Fish is one of the lowest-carb foods you can eat. A 3-ounce serving of plain cod, salmon, tuna, or tilapia contains zero grams of carbohydrates. This applies to virtually all fresh, unprocessed fish, making it an ideal protein source for keto, low-carb, and other carbohydrate-restricted diets.
Carb Counts for Common Fish
According to FDA nutrition data, the following fish all contain 0 grams of total carbohydrate per 3-ounce cooked serving:
- Cod: 0g carbs
- Atlantic, coho, sockeye, and chinook salmon: 0g carbs
- Chum and pink salmon: 0g carbs
- Tuna: 0g carbs
- Tilapia: 0g carbs
This pattern holds across nearly every fin fish species. Whether you’re eating halibut, trout, sardines, catfish, or pollock, plain fish is essentially a zero-carb food. The FDA notes that seafood provides “negligible amounts” of dietary fiber and sugars as well, so there are no hidden carbs to worry about.
How Cooking Methods Change the Carb Count
Plain fish has zero carbs, but what you coat it in can change that dramatically. A 100-gram portion of steamed fish contains 0 grams of carbohydrates. That same portion deep-fried in batter jumps to 18 grams of carbs. The flour, breadcrumbs, and beer batter used in frying are the source of those carbs, not the fish itself.
To keep fish low-carb, stick with grilling, baking, broiling, poaching, or steaming. Season with herbs, lemon, butter, olive oil, or spices. All of these add flavor without adding carbohydrates. If you want a crispy coating, almond flour or crushed pork rinds are common low-carb substitutes for traditional breading.
Processed Fish Products to Watch
Not everything that looks like fish at the grocery store is zero-carb. Imitation crab (surimi) is one of the biggest surprises for low-carb shoppers. It’s made from processed white fish blended with starches and sugars, and a single 3-ounce serving contains about 10 grams of carbohydrates. If you’re tracking carbs closely, always check the label on any surimi-based product, including many “crab” sticks, seafood salads, and sushi rolls labeled as California rolls.

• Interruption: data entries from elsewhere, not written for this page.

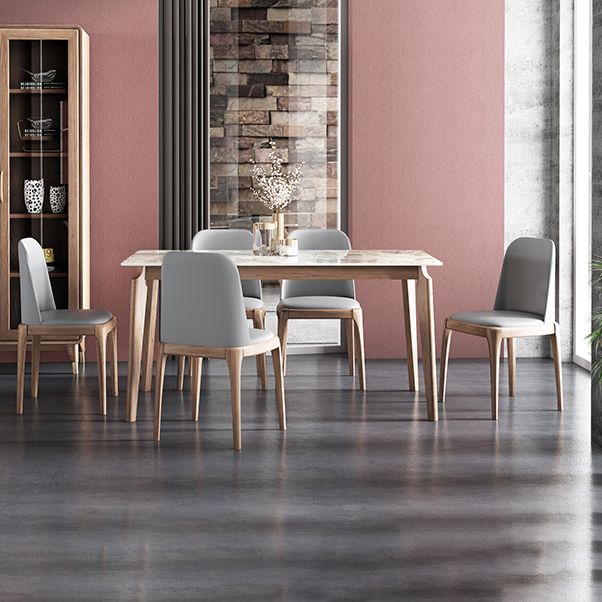 Rectangle Mid-Century Modern Dining Table Sintered Stone Table with 4 Solid Wood Legs Clearhalo ' dining_table' 'Dining Tables & Seating' 'Dining Tables' 'furn' 'furn_dining_table' 'Furniture' 'furniture_dining_table' 'Kitchen & Dining Furniture' 'kitchen&dining_furn' 'kitchen' 'kitchen_dining_table' 1200x1200_474d66db-fbfa-4f58-abc2-f266c93d20b0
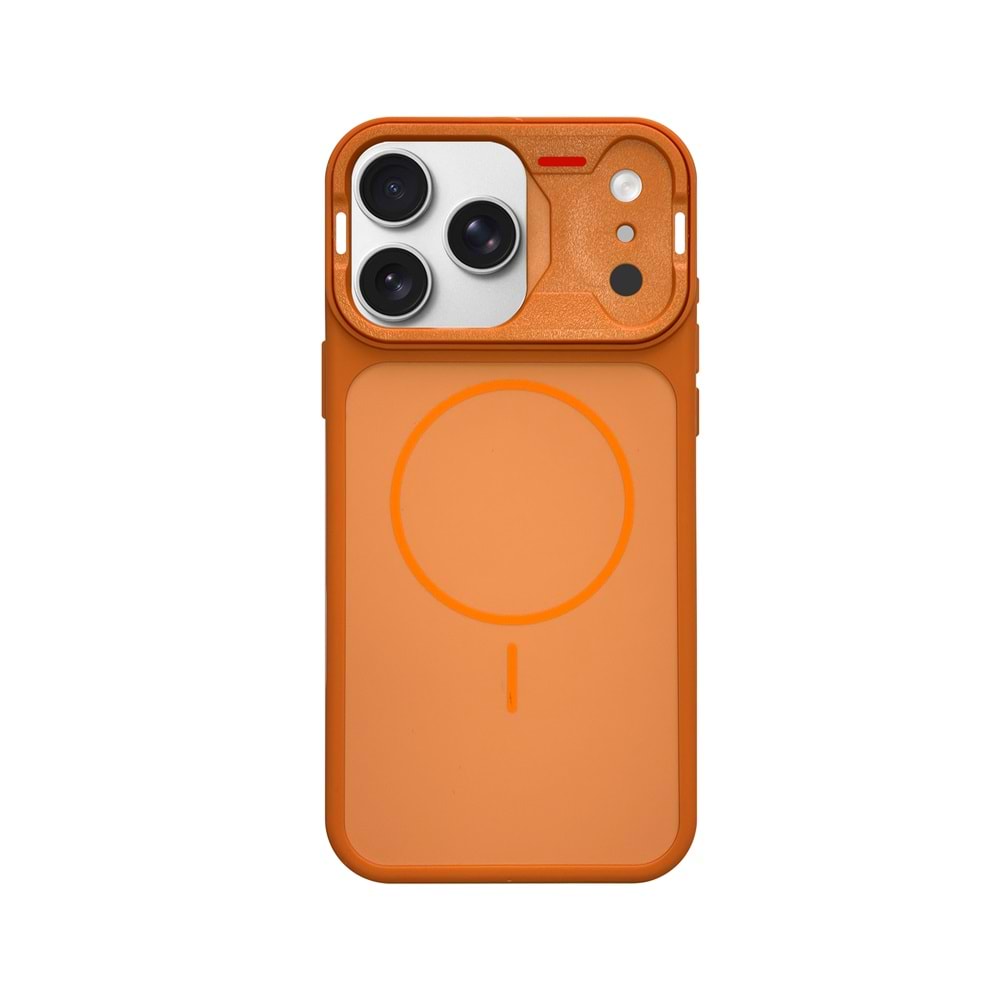 IPHONE 17 PRO MAGSAFE UYUMLU DÖNÜŞÜM SPİN SİLİKON KILIF - TURUNCU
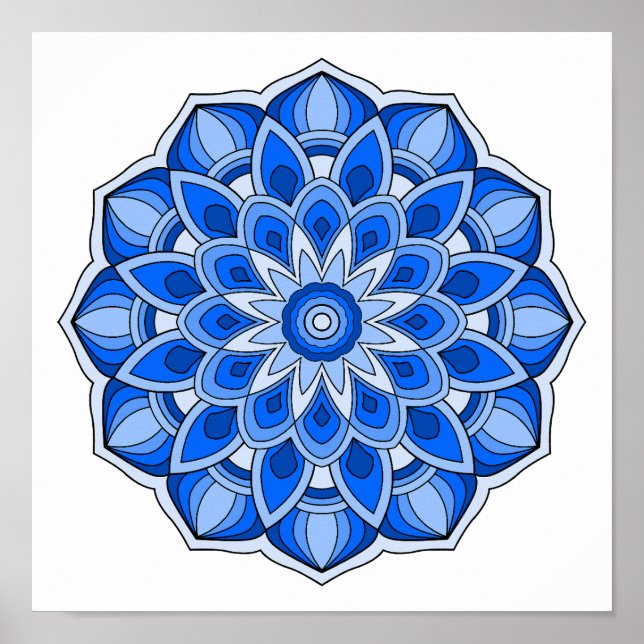 Poster Mandala en bleu (Devant)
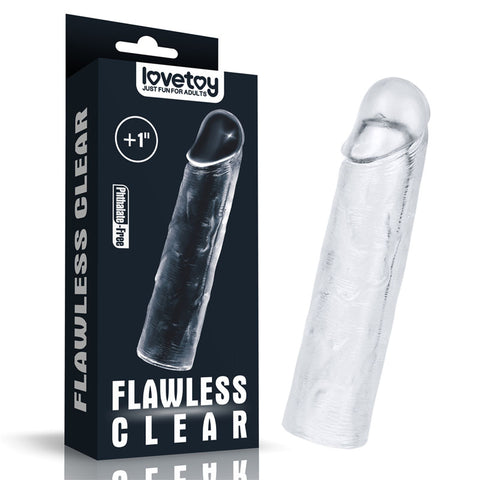 Clear Penis Extender Sleeve Plus One Inch > Sex Toys For Men > Penis Sleeves
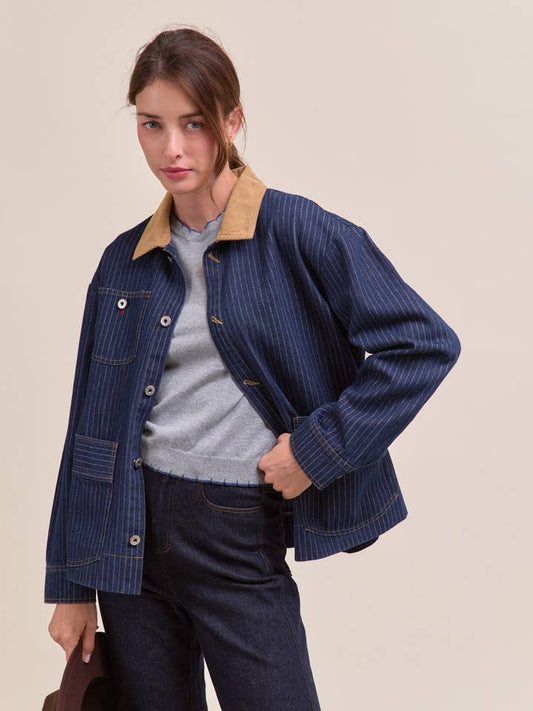 Oversized Pinstripe Denim Jacket - Indigo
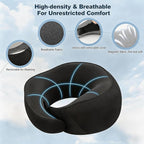 Ergonomic Airplane Pillow and Airplane Foot Hammock, Ultra Portable Neck Pillow with 360° Head Support, Portable Travel Foot Rest with Adjustable Strap, Includes Eye Mask & Ear Plugs, for Flight, Car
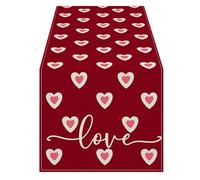 Romantic Linen - Crimson Textile Runner, Bistro Breakfast Furniture Sign, Banquet Hall Component, Gala Equipment | With Buffet Desk Apartment Interior Repair Maintenance Utility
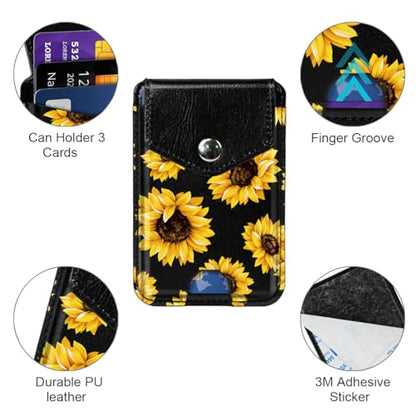 Self Adhesive Card Holders for Back of Phone, Cute Premium Leather RFID Phone Wallet Pockets with Snap, Slim Card Holders Sleeve for Phone Case, Sunflower - color: Sunflower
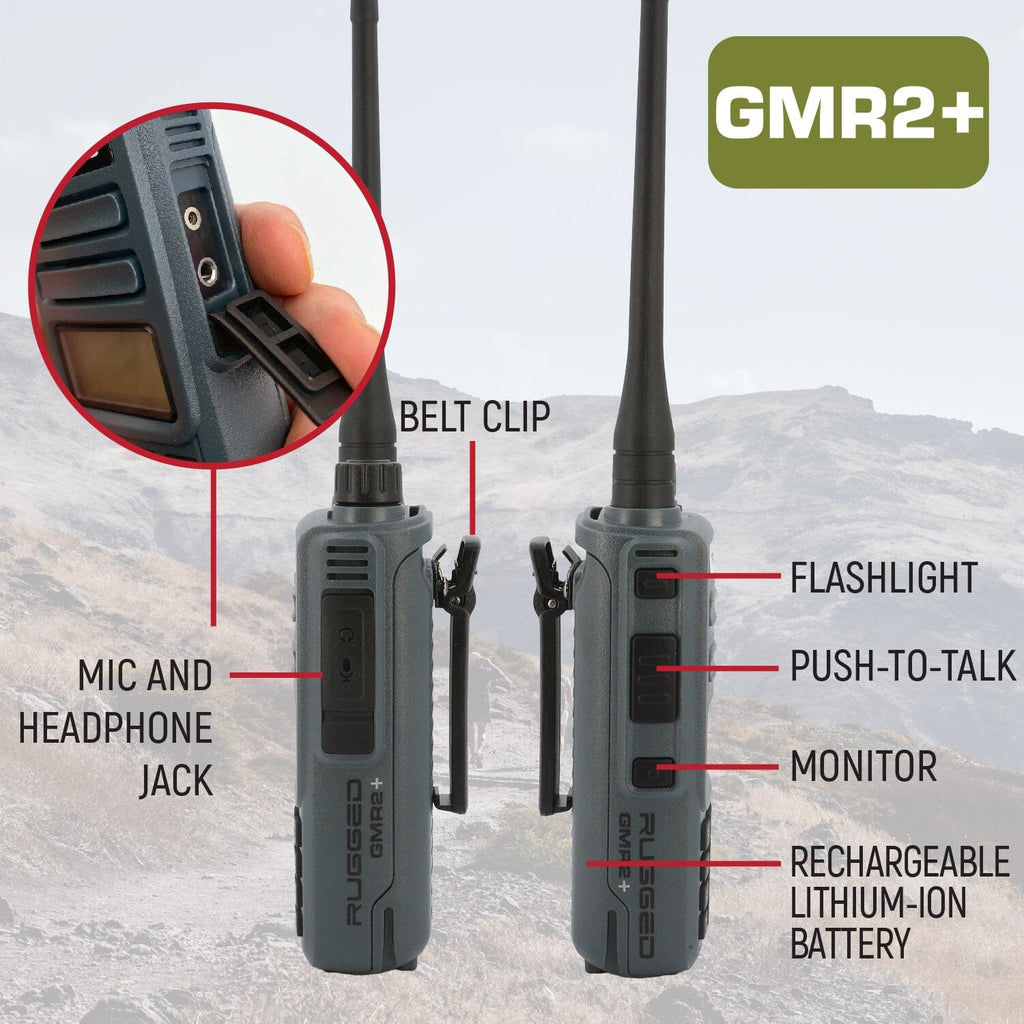 Great Outdoors Pack - Rugged GMR2 PLUS - GMRS and FRS Two Way Handheld Radios with Accessories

Canned fish can also carry hidden carbs depending on the sauce. Plain canned tuna or sardines packed in water or oil remain zero or near-zero carb. But sardines in tomato sauce contain around 3 grams of carbohydrate per serving, with about 2 grams coming from sugar (1 gram of that added sugar). Teriyaki-glazed, honey-smoked, or mustard-packed varieties will be higher. The simplest rule: the plainer the can, the fewer the carbs.
Why Fish Works Well on a Low-Carb Diet
Beyond being carb-free, fish delivers high-quality protein and healthy fats that complement a low-carb eating pattern. Fatty fish like salmon, sardines, trout, herring, and mackerel are rich in omega-3 fatty acids (EPA and DHA), which support heart and brain health. These happen to also be among the fish lowest in mercury, making them a smart choice on multiple levels.
The Dietary Guidelines for Americans recommend eating about 8 ounces of seafood per week for a standard 2,000-calorie diet. That’s roughly two meals. Pregnant and breastfeeding women are encouraged to eat 8 to 12 ounces weekly, choosing varieties lower in mercury such as salmon, shrimp, pollock, canned light tuna, and farmed catfish.
Best Low-Carb, Low-Mercury Fish Choices
If you’re eating fish regularly on a low-carb diet, mercury exposure is worth considering. The good news is that many of the healthiest, most omega-3-rich fish are also the lowest in mercury. California’s Office of Environmental Health Hazard Assessment identifies these as lower-mercury options:
- Salmon
- Trout
- Sardines
- Cod
- Tilapia
- Sole
- Pollock
- Farmed catfish
- Shrimp
Every one of these is zero-carb when prepared without breading or sugary sauces. For the best combination of omega-3 content and low mercury, salmon, trout, sardines, and herring stand out. Rotating among several types gives you nutritional variety while keeping mercury intake low.